Alexi Lubomirski jest fotografem z polskimi korzeniami, który osiągnął międzynarodowy sukces w swojej branży. Wykonane przez niego zdjęcia zdobią okładki najbardziej prestiżowych magazynów jak np. "Vogue", "Vanity Fair" czy "Harper's Bazaar". Jednak największym medialnym echem odbiła się sesja ślubna, którą wykonał Lubomirski. Nie ma się czemu dziwić. W końcu przed obiektywem stanęli Meghan Markle i książę Harry. W jednym z najnowszych wywiadów fotograf wrócił wspomnieniami do tamtego dnia. Jak sam przyznaje, nie było łatwo.

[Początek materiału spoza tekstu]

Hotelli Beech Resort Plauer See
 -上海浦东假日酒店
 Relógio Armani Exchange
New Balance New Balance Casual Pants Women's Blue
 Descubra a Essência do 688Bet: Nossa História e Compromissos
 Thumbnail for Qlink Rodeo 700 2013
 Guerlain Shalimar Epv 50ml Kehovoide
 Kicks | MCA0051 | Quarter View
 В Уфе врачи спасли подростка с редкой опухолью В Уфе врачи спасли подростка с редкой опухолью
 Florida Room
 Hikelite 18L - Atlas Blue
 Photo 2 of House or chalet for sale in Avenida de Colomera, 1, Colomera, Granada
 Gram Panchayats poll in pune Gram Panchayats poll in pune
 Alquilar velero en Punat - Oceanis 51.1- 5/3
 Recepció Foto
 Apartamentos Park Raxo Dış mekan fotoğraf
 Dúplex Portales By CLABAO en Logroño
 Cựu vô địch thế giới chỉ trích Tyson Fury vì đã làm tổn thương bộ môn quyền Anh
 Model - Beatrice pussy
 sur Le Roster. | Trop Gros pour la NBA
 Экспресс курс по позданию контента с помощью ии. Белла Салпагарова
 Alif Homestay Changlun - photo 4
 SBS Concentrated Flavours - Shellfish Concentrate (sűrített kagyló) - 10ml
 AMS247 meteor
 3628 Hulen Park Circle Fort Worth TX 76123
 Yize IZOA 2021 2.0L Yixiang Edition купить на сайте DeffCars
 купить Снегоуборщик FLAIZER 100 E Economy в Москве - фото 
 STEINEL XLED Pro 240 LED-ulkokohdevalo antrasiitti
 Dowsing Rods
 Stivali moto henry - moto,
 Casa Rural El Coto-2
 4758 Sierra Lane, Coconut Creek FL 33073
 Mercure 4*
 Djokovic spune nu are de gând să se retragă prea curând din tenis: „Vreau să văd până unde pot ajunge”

Sesja ślubna Meghan i Harry'ego była wyjątkowa z wielu powodów. Jak wspomina fotograf, nie mógł podczas niej zrobić wielu rzeczy, które wydawałyby się naturalne podczas takiego przedsięwzięcia.
Nie możesz pozwolić, by się całowali, nie możesz pozwolić, by krzyczeli i biegali po ogrodzie i oczywiście musisz uchwycić pierścionek zaręczynowy. Ale myślę, że to właśnie w tych wytycznych realizuje się cała kreatywność - mówił Alexi w rozmowie z "The Evening Star".
Jak się okazuje, na zrobienie kilku zdjęć Alexi miał jedynie trzy minuty. Nad wszystkim czuwał oficer Pałacu Buckingham.
Patrzył na mnie, mówiąc: Wkrótce będziemy musieli ich stąd zabrać, a ja powtarzałem: Ok, ok, po prostu usiądźcie na tych schodach, po czym oni… dosłownie upadli na nie, śmiejąc się. Patrzyli na siebie, jakby chcieli powiedzieć: Boże, naprawdę jesteśmy już małżeństwem! - dodał.
Alexi Lubomirski potraktował tę sesję, jak wielkie wyzwanie. Zależało mu, żeby wszystko się udało, więc nic dziwnego, że po wszystkim się wzruszył.
Po wszystkim się rozpłakałem - podsumował.
Nie ma się czemu dziwić. Ta sesja wszystkim zapadła w pamięć.